Denemek isteyenleriniz için tanım vereyim: Çin geleneklerine göre, istek edilen sonuçların büsbütün elde edilebilmesi için, öbür hiç bir besin olmadan, büyük ölçüde hucbu çayının, kâfi derecede uzun bir süre içilmesi gerekmektedir. Kelamı edilen yerlerde fırsat buldukça gezmekte yarar var; neme lazım, bakarsınız bir gün talih bize de güler.
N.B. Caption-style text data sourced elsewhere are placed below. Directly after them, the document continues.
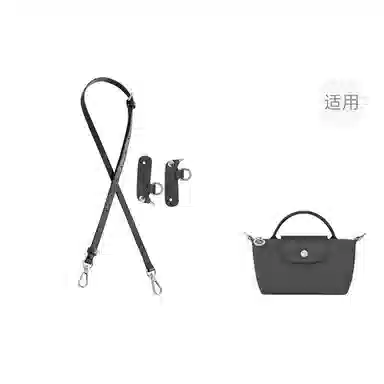 Jingxi Longchamp Mini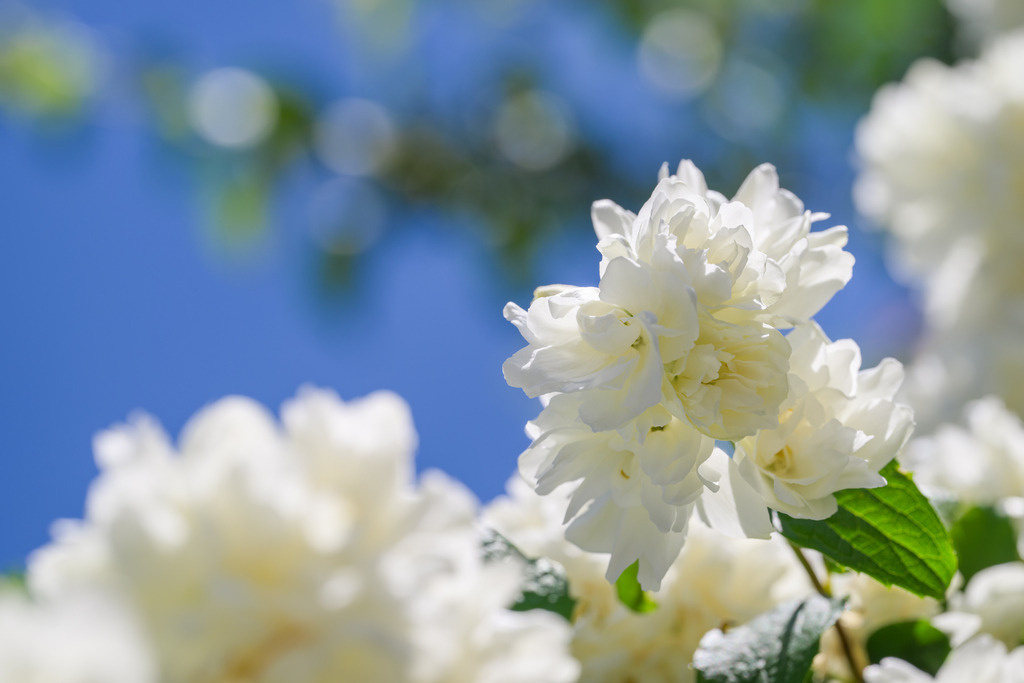 Sommerjasmin | Vom Sonnenlicht durchdrungen strahlen die weißen Blüten vor dem Himmelsblau, ein festliches Leuchten, dieser Sommerjasmin. - Realisiert mit Pictrs.com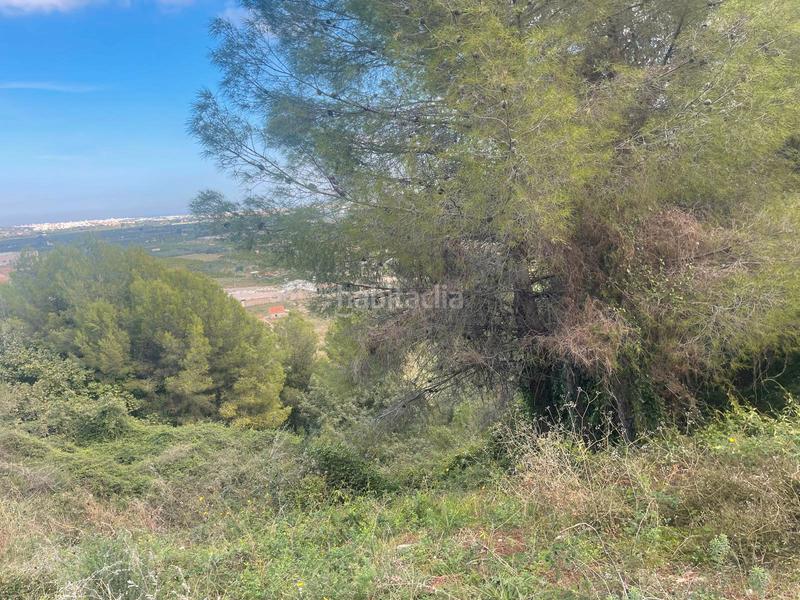 Foto 9e9000c4-9f16-4b45-995f-8398b1b4fb69. Wohngrundstück in calle salze 1 in Ador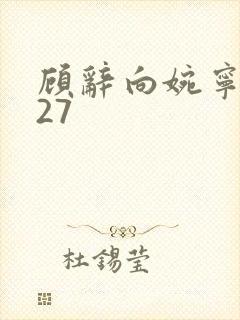 顾辞向婉宁番外27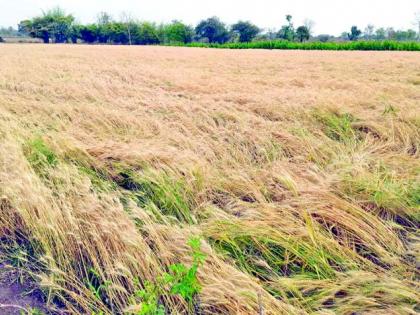 Untimely rains and hailstorms have broken the backs of farmers | अवकाळी पाऊस-गारपीटने मोडले शेतकऱ्यांचे कंबरडे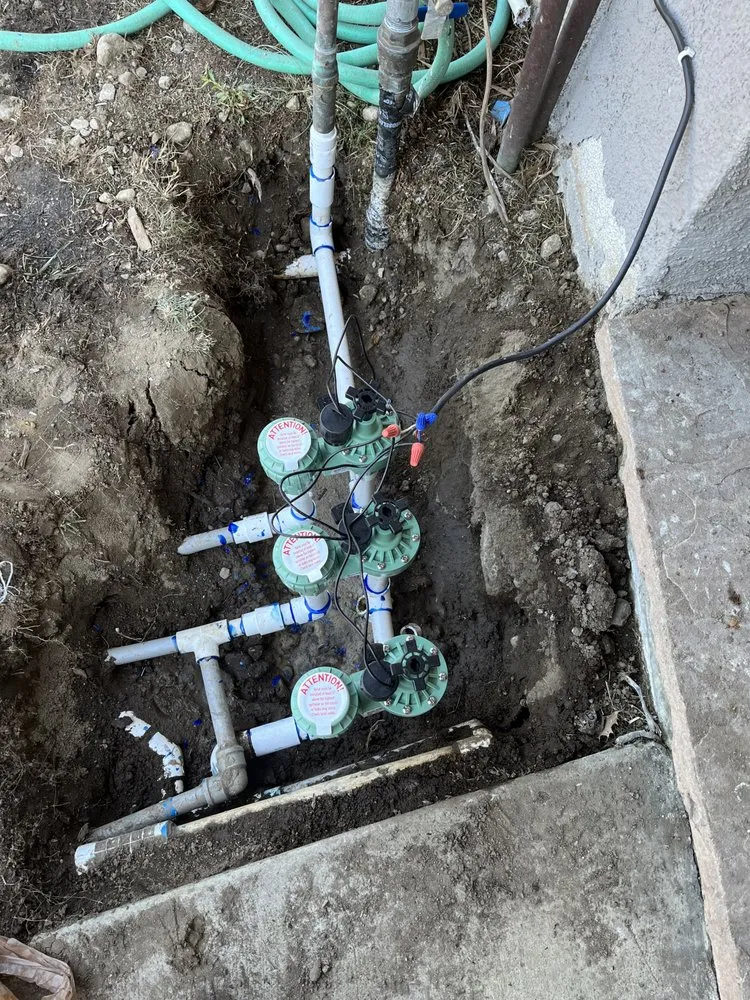 Custom landscape installation with custom design across Orange, CA - MC Tree Experts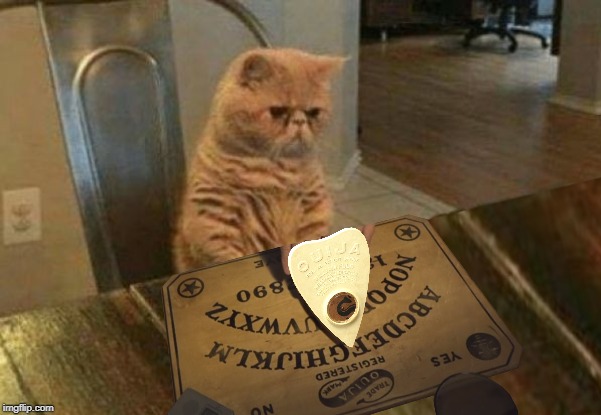 Ouija Cat Blank Meme Template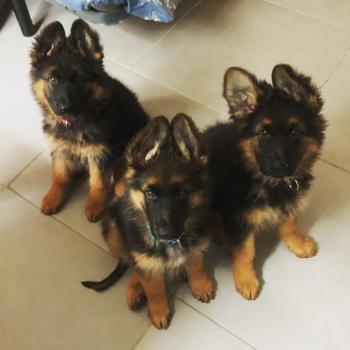 Gaïa, Perro Pastor Alemán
Artık tüm bu söylencelerden bir “kıssadan hisse” çıkartalım: Zelzele bölgesindeki yapıları Poseidon ile Apollon’a inşa ettirip karşılığını da eksiksiz ödemek gerektiği aşikar. bu biçimdece zelzeleye karşın uzun, sağlıklı yıllar yaşar, daha kaç büyük krallıklar kurarız.
* Öğr. Gör. / Dokuz Eylül Üniversitesi, Edebiyat Fakültesi, Arkeoloji Kısmı.